DamEnv#

This document describes the DamEnv environment available in the Gym4Real library for water management in a reservoir connected to a dam, using RL techniques. This environment is built on the Gymnasium interface, enabling efficient training and evaluation of RL agents.

Overview#

The DamEnv environment simulates a controller of a dam with the aim of meeting the downstream water demand, while avoiding overflows or water starvation. The simulation includes:

  • A lake simulator that computes the updates of the water level at each step.

  • Time-series of water demand and inflow.

  • Time-series of the water level that can be used for imitation learning.

  • Configurable yaml files to customize the environment and reservoir parameters.

Conda usage#

conda create -n env-name python=3.12

Installation#

To install the general and environment-specific requirements, run:

pip install -r requirements.txt
pip install -r gym4real/envs/dam/requirements.txt

Dam Environment#

The setting described in the DamEnv is the following:

  • Observation Space: Signal of estimated demand, signal of the water level, time variables.

  • Action Space: Amount of water to release per unit of time .

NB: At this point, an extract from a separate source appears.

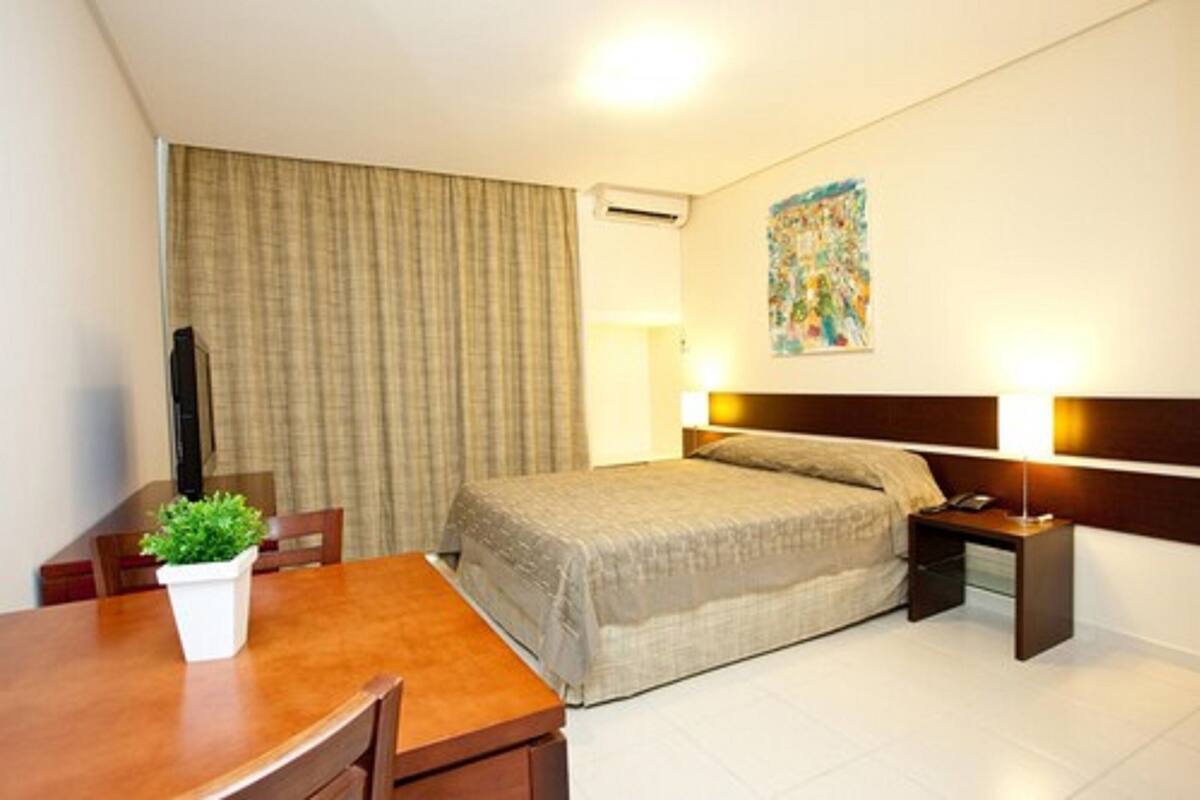 Camera d'albergo con un letto, una scrivania, una sedia, una pianta in vaso, una lampada e un quadro appeso al muro.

  • Goal: Minimize the demand that is not met, while avoiding floods or water starvation

Usage#

To use this environment:

  1. Download the Gym4ReaL library and install its dependencies.

  2. Register and instantiate the DamEnv environment using Gym’s API.

  3. Train and evaluate your custom or off-the-shelf RL agent implementation.

Example:

import gymnasium as gym
from gym4real.envs.dam.utils import parameter_generator

params = parameter_generator()
env = gym.make('gym4real/dam-v0', settings=params)
obs,info = env.reset()
done = False

while not done:
  action = env.action_space.sample()
  obs, reward, terminated, truncated, info = env.step(action)
  done = terminated or truncated

Configuration#

Lake simulator parameters (e.g. surface area, minimum and maximum water level) can be set by modifying the gym4real/envs/dam/lake.yaml file. Environment parameters (e.g., observation space, rewards weights) can be set by modifying the gym4real/envs/dam/world_train.yaml file.


Reproducibility#

For a tutorial for training your own RL algorithm refer to examples/dam/training-tutorial.ipynb. To obtain the trained models presented in the paper launch this command from the main directory.

python gym4real/algorithms/dam/ppo_skrl.py

To reproduce the results, open the notebook in examples/dam/benchmarks.ipynb and run the whole notebook.